Def. Let $T: V \rightarrow V$ be a linear operator, where $V$ is a finite dimensional inner product space over $F$. We call $T$ is normal is $T\circ T^ * = T^ * \circ T$. For $A \in Mat_{n\times n} (F)$, $A$ is normal if $AA^H = A^H A$.

Def. A linear operator $T: V \rightarrow V$ is called self adjoint operator when $T = T^ *$ ($\implies T\circ T^ * = T^ * \circ T$).

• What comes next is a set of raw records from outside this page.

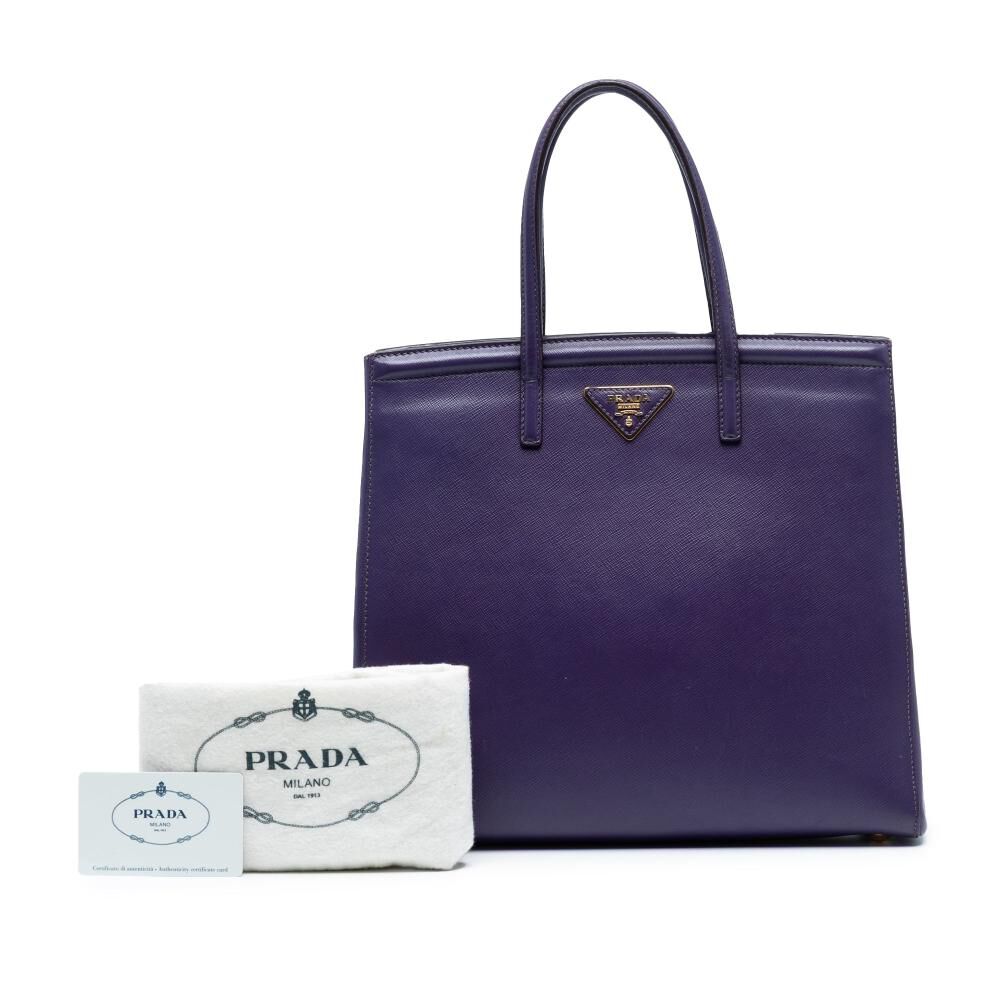 Prada Handbag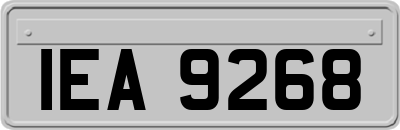 IEA9268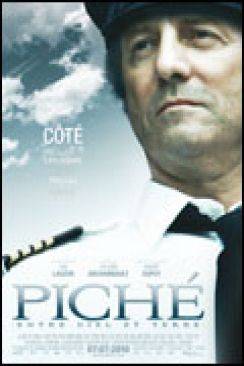 Piché : Entre Ciel et Terre wiflix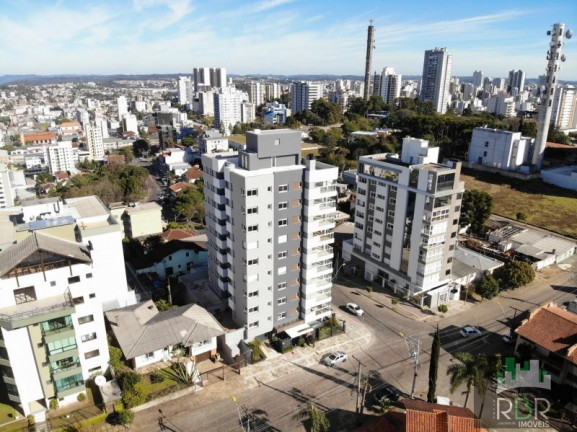 Imagem Apartamento com 3 Quartos à Venda, 137 m² em Caxias Do Sul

Def. For $A \in Mat_{n \times n}(\mathbb{C})$, $A$ is called unitary matrix if $AA^H = A^H A = I_n$.
For $A \in Mat_{n \times n}(\mathbb{R})$, $A$ is called orthogonal matrix if $AA^\top = A^\top A = I_n$.

## Propositions

$\text{Let } T: V \rightarrow V \text{ be normal. Then, following holds:} \nonumber$
1. $\Vert T(x) \Vert = \Vert T^ *(x) \Vert, \forall x \in V.$
2. If $T(v) = \lambda v$, then $T^ *(v) = \bar{\lambda} v$.
3. If eigenvalues $\lambda_1 \ne \lambda_2$ and $T(v_1) = \lambda_1 v_1, T(v_2) = \lambda_2 v_2,$ then $\langle v_1, v_2 \rangle =0 \Leftrightarrow v_1 \perp v_2.$
4. $\forall c \in F,$ $T-c Id$ is normal.

### Proof

1. $\forall x \in V, \Vert T(x) \Vert^2 = \langle T(x), T(x) \rangle =\langle x, T^ * (T(x)) \rangle \stackrel{normal}{=} \langle x, T(T^ *(x)) \rangle = \langle T^ * (x), T^ * (x) \rangle = \Vert T^ * (x) \Vert^2.$

2. $\Vert T^ * (v) - \bar{\lambda} v \Vert = \Vert (T^ * - \bar{\lambda}Id)(v) \Vert = \Vert (T - \lambda Id)^ * (v) \Vert \stackrel{1}{=} \Vert (T - \lambda Id) (v) \Vert \stackrel{eigen \lambda}{=} 0$, i.e, $\bar{\lambda}$ is eigenvalue of $T^ *$.
3. $\lambda_1 \langle v_1, v_2 \rangle = \langle \lambda_1 v_1, v_2 \rangle = \langle T( v_1), v_2 \rangle \stackrel{adjoint}{=} \langle v_1, T^ * (v_2) \rangle \stackrel{2}{=} \langle v_1, \bar{\lambda_2} (v_2) \rangle = \lambda_2 \langle v_1, v_2 \rangle$. Therefore, $(\lambda_1 - \lambda_2) \langle v_1, v_2 \rangle = 0$. Since $\lambda_1 \ne \lambda_2$, $\langle v_1, v_2 \rangle = 0$.
4. $(T - c Id) \circ (T^ * - \bar{c}Id) = T\circ T^ * - c T^ * - \bar{c} T + c \bar{c} Id = T\circ T^ * - c T^ * - \bar{c} T + c \bar{c} Id$. And $(T^ * - \bar{c}Id) \circ (T - c Id) = T^ * \circ T - c T^ * - \bar{c} T + c \bar{c} Id$. Since $T$ is normal, $T-c Id$ is normal.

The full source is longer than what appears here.